Professor en Nobelprijswinnaar ’t Hooft schrijft regelmatig waarom amateurtheoretici, zoals ik er een ben, geen genade vinden in zijn ogen. In zijn boek “De bouwstenen van de schepping” doet hij het weer pp. 225-226. (*). Hij somt drie punten op waaraan een theorie moet voldoen om genade te vinden, die ik hieronder beknopt weergeef. Maar ik heb er wel een paar bedenkingen bij geplaatst.
1. Een theorie moet in de eerste plaats wiskundig correct zijn, en precieze berekeningen mogelijk maken, onder alle omstandigheden waarin deeltjes elkaar kunnen tegenkomen.
Opmerking: wiskunde? Welke wiskunde, er zijn er verschillende soorten wiskunde. Wiskunde gaat uit van axioma’s (onbewezen stellingen), die niet overal dezelfde zijn. Er zijn bovendien problemen met wiskunde, zoals punten, lijnen, heeft er iemand in de realiteit een eendimensionaal of tweedimensionaal lichaam tegengekomen? Geeft wiskunde de realiteit weer, of een abstracte eigen realiteit? Kunnen deeltjes mekaar tegenkomen, bestaan er naakte deeltjes die dat kunnen? Bewijs?
2. De zwaartekracht moet op zodanige wijze gehanteerd worden in overeenstemming met de algemene relativiteitstheorie van Einstein.
Opmerking: De relativiteitstheorie is een theorie, en mag dus bekritiseerd worden, trouwens er zijn deskundige en erkende autoriteiten die zeggen dat die theorie onvolledig is (o.a. Hawking). Die theorie herwerken zal dan moeilijk worden, als men ze niet in twijfel mag trekken.
3. De wetten van de kwantummechanica zijn onverbiddelijk, en een theorie moet binnen het raam van de kwantummechanica kunnen worden geformuleerd.
Opmerking: de eminente professor mag dan eerst proberen met de ART , want voor zover ik weet zijn er problemen om de ART te formuleren binnen het kader van de kwantummechanica. Bovendien zitten we nog met onzekerheden, en onmeetbaarheden voorbij de Plancklengte in de kwantummechanica, die een volledige regelgeving bemoeilijken .
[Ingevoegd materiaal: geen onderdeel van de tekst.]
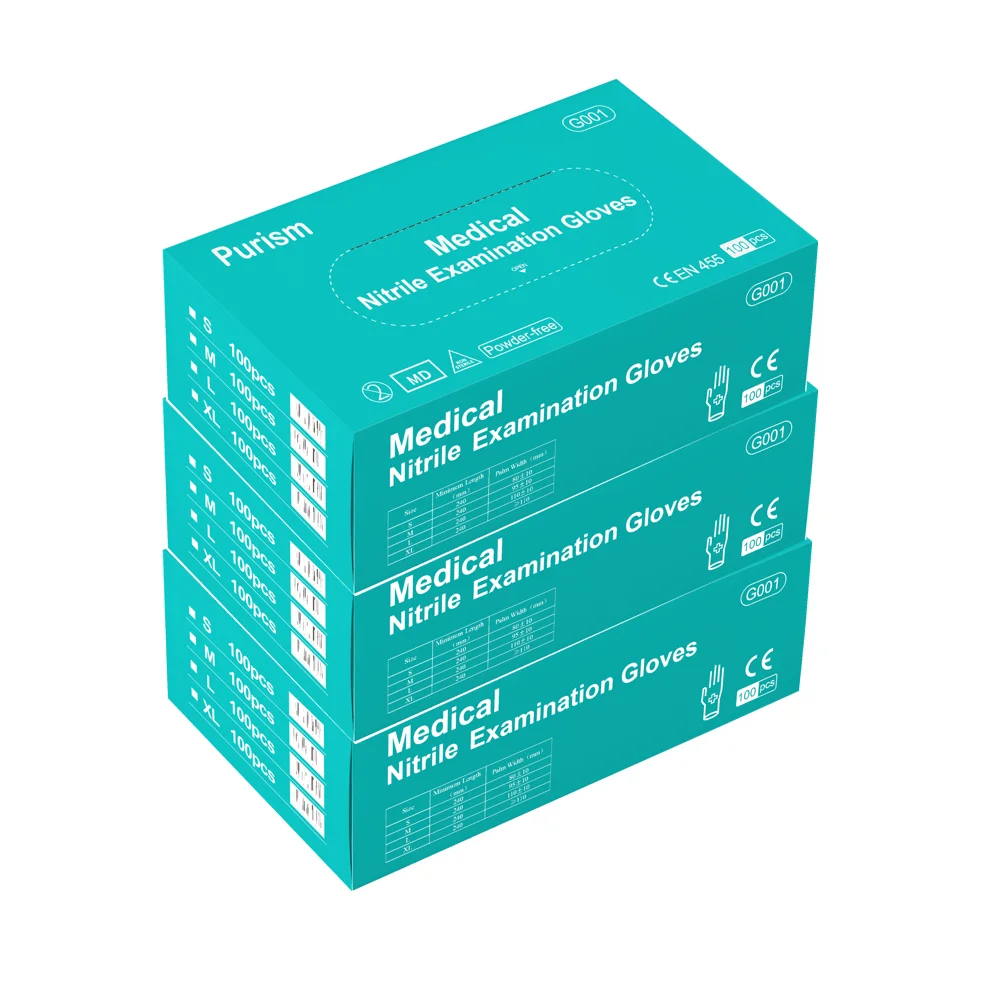 Exam Glove Nitrile Purism Disposable Anti Chemicals Waterproof 100 Pcs Package EN455 Medical NBR Gloves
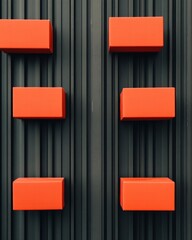 Fototapete - Industrial Automation Design Bold Red Boxes on Sleek Metal Panels for Warehouse Efficiency - High-Tech Supply Chain Optimization and Modern Logistics Showcase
Besluit: voorwaar, professor ’t Hooft, ik kan je logica niet helemaal volgen, ook al sympathiseer ik met jou, omdat je in vele kringen ook als ketter wordt gezien vanwege je twijfel aan het ontbreken van verborgen variabelen in sommige stellingen van de kwantummechanica. Hoe voelt het als je tegen je eigen regels zondigt?
(*) ’t Hoofd G., “De bouwstenen van de schepping”, Prometheus, A’dam, 2002.